Cosa credo di essere? Chi mi credo di essere? Io credevo di essere ciò che non vuoi che sia più… Cosa conto di essere? Chi non smetto di essere? Io credevo di essere ciò che non vuoi che sia più… Chi mi credo di essere? Sono quello che suono…
Cosa questo momento di fine tempo chieda alla musica è difficile a dirsi. Forse di superare lo spessore della patina soporifera con la quale i nuovi media hanno ricoperto l’esistenza. Non per nostalgia dei bei tempi andati ma per il bisogno di vivere fisicamente i suoni che cavalcano il significato dello stare qui, ora. Ed è questo che ho trovato nell’album de iL dOnO dal titolo Una sola moltitudine.
Ma cominciamo dall’inizio e andiamo per gradi, cercando di avvicinare i brani che lo compongono.
Gioco estremo: A volte anche l’amore sa essere minaccioso, soprattutto se martirizzato dalle chitarre e cantato con il distacco della crudeltà.
Come il vento: La velocità è un animale onnivoro, capace di assorbire tutto. Se ad essa viene aggiunto il potere del ritmo e la leggerezza del vento allora anche una vita può dissolversi.
Stare fuori: Una presa di posizione poetica, lontano dalla messa in scena dei sentimenti. Un brano immerso nelle vibrazioni di una chitarra acustica suonata in una sorta di accerchiamento spaziale.
Memento: Anche la fragilità può essere maestosa.

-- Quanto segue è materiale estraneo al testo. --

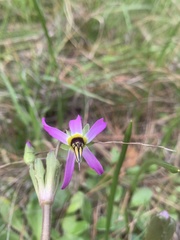 Primula clevelandii gracilis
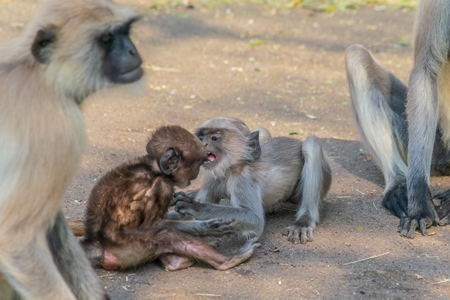 Indian gray or hanuman langur monkey mothers with small cute babies playing in Mandore Gardens in the city of Jodhpur in Rajasthan in India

Ovunque sei: Nella simbiosi degli amanti potrebbe nascondersi qualcosa di oscuro e distruttivo che la musica di questo brano sembra alleviare.

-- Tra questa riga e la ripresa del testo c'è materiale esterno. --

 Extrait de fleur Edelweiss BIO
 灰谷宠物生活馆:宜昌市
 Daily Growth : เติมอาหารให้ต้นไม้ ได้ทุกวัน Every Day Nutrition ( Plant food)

Retrò: Basso, chitarra e batteria all’unisono su un testo perfetto per la mezzanotte del mondo.
Vana gloria: Brano ostico, scolpito nelle sonorità ruvide di una cantina senza uscita.
Una sola moltitudine: Dal carro che attraversa il centro della città vestita a festa si alza il canto isterico dell’attore vestito a lutto. La folla applaude disperata, ogni distanza è morta.
Stanza blu: C’è nella fantasia qualcosa di insondabile, un mondo rovesciato gravido di visioni capaci di trasformare ognuno di noi nella proiezione spaziale di un sogno.
Ciò che rimane: Costruito su una ritmica geniale questo brano porta alla dipendenza da ascolto.
Vita propria: Nell’intimità nascono confessioni inspiegabili, capaci di smontare una vita, soprattutto se aperte al cielo da una musicalità sconosciuta e sincera.
Così, saltando volutamente i riferimenti alle influenze musicali e letterarie che in questo caso dovrebbero essere definite eredità, il disco dimostra quanto sia difficile oggi raccontare la vita e la moltitudine di sensazioni che la compongono, in maniera tale che possa apparire per quella che è e non per quella che dovrebbe essere. Il tutto nella piena pericolosità del rock inteso come arte.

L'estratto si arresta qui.